[Bloat] The Confucius queue management scheme

Jonathan Morton chromatix99 at gmail.com
Wed Feb 14 09:24:26 EST 2024


> On 10 Feb, 2024, at 7:05 pm, Toke Høiland-Jørgensen via Bloat <bloat at lists.bufferbloat.net> wrote:
> 
> This looks interesting: https://arxiv.org/pdf/2310.18030.pdf
> 
> They propose a scheme to gradually let new flows achieve their fair
> share of the bandwidth, to avoid the sudden drops in the available
> capacity for existing flows that can happen with FQ if a lot of flows
> start up at the same time.

I took some time to read and think about this.

The basic idea is delightfully simple:  "old" flows have a fixed weight of 1.0; "new" flows have a weight of (old flows / new flows) * 2^(k*t), where t is the age of the flow and k is a tuning constant, and are reclassified as "old" flows when this quantity reaches 1.0.  They also describe a queuing mechanism which uses these weights, which while mildly interesting in itself, isn't directly relevant since a variant of DRR++ would also work here.

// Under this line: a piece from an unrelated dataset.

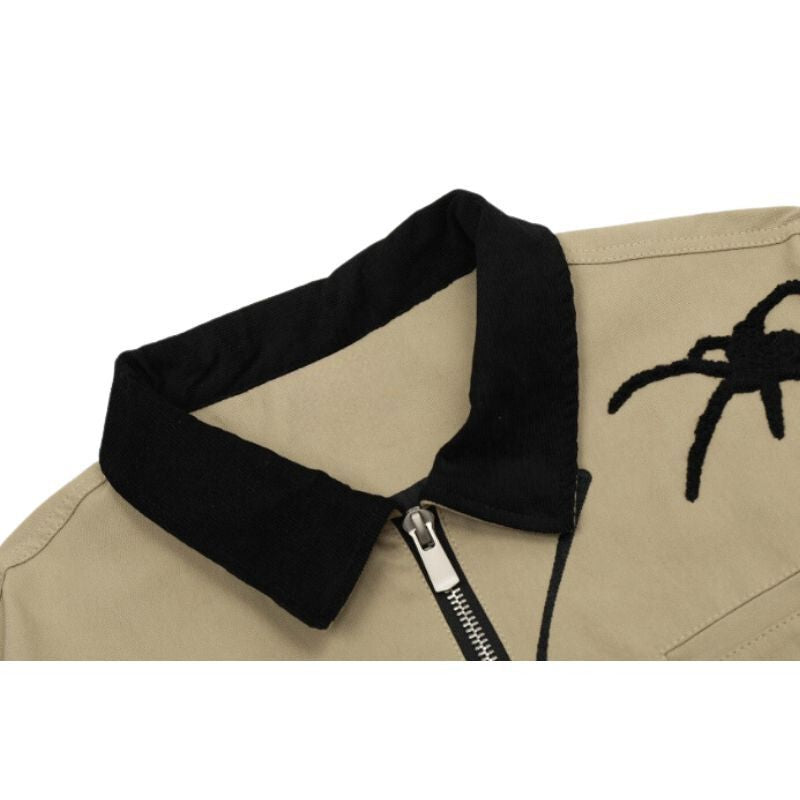 Style Core Aesthetics, New Style Trends Streetwear Spider Embroidered Jacket Style Core Aesthetics, New Style Trends Streetwear Spider Embroidered Jacket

I noticed four significant problems, three of which arise from significant edge cases, and the fourth is an implementation detail which can easily be remedied.  I didn't see any discussion of these edge cases in the paper, only the implementation detail.  The latter is just a discretisation of the exponential function into doubling epochs, probably due to an unfamiliarity with fixed-point arithmetic techniques.  We can ignore it when thinking about the wider design theory.

The first edge case is already fatal unless somehow handled:  starting with an idle link, there are no "old" flows and thus the numerator of the equation is zero, resulting in a zero weight for any number of new flows which then arise.  There are several reasonable and quite trivial ways to handle this.

The second edge case is the dynamic behaviour when "new" flows transition to "old" ones.  This increases the numerator and decreases the denominator for other "new" flows, causing a cascade effect where several "new" flows of similar but not identical age suddenly become "old", and younger flows see a sudden jump in weight, thus available capacity.  This would become apparent in realistic traffic more easily than in a lab setting.  A formulation which remains smooth over this transition would be preferable.

The third edge case is that there is no described mechanism to remove flows from the "old" set when they become idle.  Most flows on the Internet are in practice short, so they might even go permanently idle before leaving the "new" set.  If not addressed, this becomes either a memory leak or a mechanism for the flow hash table to rapidly fill up, so that in practice all flows are soon seen as "old".  The DRR++ mechanism doesn't suffice, because the state in Confucius is supposed to evolve over longer time periods, much longer than the sojourn time of an individual packet in the queue.

The basic idea is interesting, but the algorithmic realisation of the idea needs work.